**Exercise**
An exact copy of the lines of the listing below between the "Ashfield Manor Sydney Hotel Екстериор снимка" line and the "34 South C S" line, both included, is the whole answer; please omit the pictures.
START Entries shown
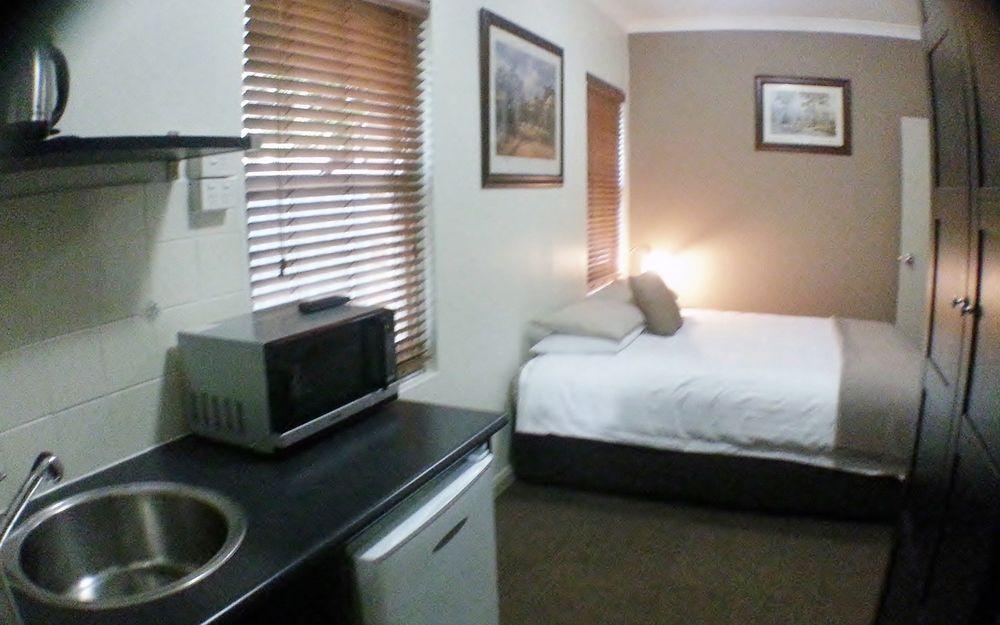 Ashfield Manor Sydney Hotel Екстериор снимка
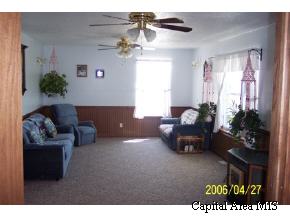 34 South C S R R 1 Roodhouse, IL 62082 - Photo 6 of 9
END Entries shown
START Entries shown
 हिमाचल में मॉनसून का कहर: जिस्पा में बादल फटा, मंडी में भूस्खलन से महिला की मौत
END Entries shown
START Entries shown
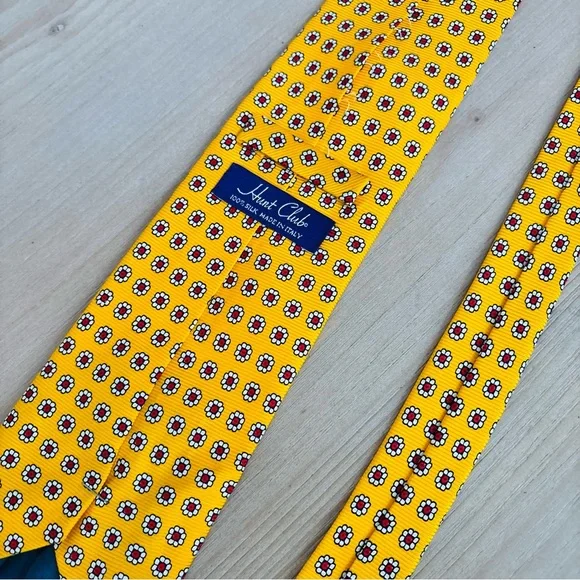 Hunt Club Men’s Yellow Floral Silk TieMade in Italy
END Entries shown
**Result for this exercise**
 Ashfield Manor Sydney Hotel Екстериор снимка
 34 South C S R R 1 Roodhouse, IL 62082 - Photo 6 of 9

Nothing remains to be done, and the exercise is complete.